PROBLEM ->
After finding the line that contains "Ein kleines Schmuckstück" in the entries below, retype it and every following line precisely, the last included.

DATA PROVIDED ->
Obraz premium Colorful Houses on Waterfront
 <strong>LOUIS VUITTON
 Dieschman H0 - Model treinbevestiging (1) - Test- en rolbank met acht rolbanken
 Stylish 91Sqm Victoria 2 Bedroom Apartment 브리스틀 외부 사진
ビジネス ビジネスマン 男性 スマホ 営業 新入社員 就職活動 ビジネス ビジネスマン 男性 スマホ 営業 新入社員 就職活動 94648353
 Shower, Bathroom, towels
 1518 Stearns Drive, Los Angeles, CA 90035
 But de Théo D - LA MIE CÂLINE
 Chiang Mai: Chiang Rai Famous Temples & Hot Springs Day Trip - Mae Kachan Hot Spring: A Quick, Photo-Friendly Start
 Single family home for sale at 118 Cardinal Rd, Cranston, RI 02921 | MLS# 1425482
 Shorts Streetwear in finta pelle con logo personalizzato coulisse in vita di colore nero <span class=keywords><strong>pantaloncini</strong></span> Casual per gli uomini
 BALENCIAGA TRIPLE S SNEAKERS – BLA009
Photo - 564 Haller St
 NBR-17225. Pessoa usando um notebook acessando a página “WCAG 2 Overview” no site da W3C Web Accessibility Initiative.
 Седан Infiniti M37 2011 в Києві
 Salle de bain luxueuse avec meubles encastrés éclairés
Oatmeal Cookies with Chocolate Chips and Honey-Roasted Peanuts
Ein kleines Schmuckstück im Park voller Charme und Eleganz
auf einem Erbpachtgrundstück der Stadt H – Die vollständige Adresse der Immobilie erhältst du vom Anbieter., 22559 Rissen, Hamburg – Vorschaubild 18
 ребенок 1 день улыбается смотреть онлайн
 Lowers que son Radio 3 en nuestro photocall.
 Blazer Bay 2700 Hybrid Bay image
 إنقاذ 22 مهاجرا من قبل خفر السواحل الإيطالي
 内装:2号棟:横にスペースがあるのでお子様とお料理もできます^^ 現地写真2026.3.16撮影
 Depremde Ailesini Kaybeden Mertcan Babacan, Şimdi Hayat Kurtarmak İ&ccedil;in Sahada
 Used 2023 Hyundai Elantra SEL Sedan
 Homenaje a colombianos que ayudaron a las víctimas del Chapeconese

THE ANSWER ->
Ein kleines Schmuckstück im Park voller Charme und Eleganz
auf einem Erbpachtgrundstück der Stadt H – Die vollständige Adresse der Immobilie erhältst du vom Anbieter., 22559 Rissen, Hamburg – Vorschaubild 18
 ребенок 1 день улыбается смотреть онлайн
 Lowers que son Radio 3 en nuestro photocall.
 Blazer Bay 2700 Hybrid Bay image
 إنقاذ 22 مهاجرا من قبل خفر السواحل الإيطالي
 内装:2号棟:横にスペースがあるのでお子様とお料理もできます^^ 現地写真2026.3.16撮影
 Depremde Ailesini Kaybeden Mertcan Babacan, Şimdi Hayat Kurtarmak İ&ccedil;in Sahada
 Used 2023 Hyundai Elantra SEL Sedan
 Homenaje a colombianos que ayudaron a las víctimas del Chapeconese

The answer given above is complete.